Whatever doubts he may have had, Boldin learned the truth that afternoon. His light aircraft came under German fire before he even reached the border, and when he landed on a dirt strip outside Bialystok someone told him that parachutists had been sighted coming down nearby. The atmosphere, as he recalled later, was ‘incredibly hot and the air smelt of burning’. His main feeling, as he climbed into the one truck that the army had been able to requisition, was one of shock, of helplessness. The truck made slow progress through the bewildered lines of refugees. Most people were on foot, heading anywhere to get away from the noise and searing flames, but then came a small motorcade, led by a smart new ZIS-101. ‘The broad leaves of an aspidistra were protruding from one of the windows,’ Boldin
observed. ‘It was the car of some local top official. Inside were two women and two children.’ Boldin looked at the group with undisguised disgust, suggesting tartly that they might have ditched the plant to make space for another human being. But as the women turned away in shame, a plane dipped low above the road and there were three cracks of machine-gun fire. Boldin managed to jump aside in time, although his driver was killed. In the ZIS-101 the women, the children and the driver were all dead. As Boldin recollected, ‘Only the evergreen leaves of the aspidistra were still sticking out of the window.’
17

It would be evening before Boldin made contact with the 10th Army. Like all the frightened refugees, it had retreated from Bialystok that very day. Its new headquarters were in the birch woods to the east and consisted of two tents with a table and chairs. A shaken General Golubev told Boldin that all his divisions had sustained terrible losses. His light tanks, the elderly T-26s, had proved themselves good ‘only for firing at sparrows’. The Luftwaffe had targeted the army’s fuel dumps, aircraft and anti-aircraft guns. His men, he said, were fighting ‘like heroes’, but they were powerless against an enemy like this. The 10th Army, effectively, had been wiped out.
18

The news was reported to Minsk as soon as a radio could be made to work.

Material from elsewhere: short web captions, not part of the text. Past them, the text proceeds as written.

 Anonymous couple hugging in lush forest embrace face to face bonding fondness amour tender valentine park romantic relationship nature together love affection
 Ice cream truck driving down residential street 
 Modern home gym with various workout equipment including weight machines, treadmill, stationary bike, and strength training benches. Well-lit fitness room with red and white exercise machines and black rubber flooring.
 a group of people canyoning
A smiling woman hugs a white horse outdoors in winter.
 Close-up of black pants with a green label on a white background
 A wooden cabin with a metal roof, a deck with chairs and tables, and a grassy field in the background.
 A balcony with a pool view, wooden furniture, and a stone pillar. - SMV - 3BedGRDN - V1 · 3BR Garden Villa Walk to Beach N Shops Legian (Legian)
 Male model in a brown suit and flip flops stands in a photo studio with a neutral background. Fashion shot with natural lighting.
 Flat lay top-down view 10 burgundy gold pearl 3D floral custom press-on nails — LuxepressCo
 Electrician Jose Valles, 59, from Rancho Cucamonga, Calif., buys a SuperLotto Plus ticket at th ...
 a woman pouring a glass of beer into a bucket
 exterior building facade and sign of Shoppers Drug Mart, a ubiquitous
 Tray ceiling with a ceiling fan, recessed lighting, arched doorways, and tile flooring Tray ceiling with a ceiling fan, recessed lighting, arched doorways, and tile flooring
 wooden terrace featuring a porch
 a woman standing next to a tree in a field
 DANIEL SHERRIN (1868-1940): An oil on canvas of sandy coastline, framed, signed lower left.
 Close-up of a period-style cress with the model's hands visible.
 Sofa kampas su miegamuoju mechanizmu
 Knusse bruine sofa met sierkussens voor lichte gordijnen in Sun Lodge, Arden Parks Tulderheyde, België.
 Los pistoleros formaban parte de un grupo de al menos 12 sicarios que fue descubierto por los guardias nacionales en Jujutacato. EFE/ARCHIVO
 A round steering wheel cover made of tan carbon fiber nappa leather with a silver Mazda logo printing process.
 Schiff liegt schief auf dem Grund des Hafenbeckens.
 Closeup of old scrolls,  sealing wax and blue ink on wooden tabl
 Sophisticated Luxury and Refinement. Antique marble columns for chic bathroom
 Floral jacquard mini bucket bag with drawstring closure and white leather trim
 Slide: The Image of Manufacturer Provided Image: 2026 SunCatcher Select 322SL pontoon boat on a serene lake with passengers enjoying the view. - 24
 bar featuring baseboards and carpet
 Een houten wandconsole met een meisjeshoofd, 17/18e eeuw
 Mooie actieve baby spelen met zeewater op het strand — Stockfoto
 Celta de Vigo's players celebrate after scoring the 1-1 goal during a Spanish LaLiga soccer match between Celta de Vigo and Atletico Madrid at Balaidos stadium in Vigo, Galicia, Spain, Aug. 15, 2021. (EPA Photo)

Pavlov would also learn that night that the 3rd Army had abandoned Grodno. Reports from Brest suggested that this city, too, was not likely to hold. The Germans had known exactly where to target their artillery and air strikes, beginning with the army’s command centres and then aiming for railways and factories.
19
Pavlov responded with a stream of orders that read like a propaganda script. This was the Red Army, and it was not meant to retreat. Accordingly, the general ordered men he could not see or even contact to mount a bold counter-attack. The aim, as ever, was to push the Germans back behind the frontier and defeat them on their own soil.
20
Weeks later, with his life in the balance, Pavlov would tell his interrogators that he was still thinking strategically at that stage, confident that Brest could be held and the tide of attack turned. But Boldin, who was ordered to mount an offensive on 23 June with forces that were either dead or hopelessly dispersed, considered that Pavlov was merely covering his back. He was rapping out the orders, Boldin thought, just to show Moscow that something was really being done. The culture of the purge, of empty gestures, lies and fear, was still alive and well.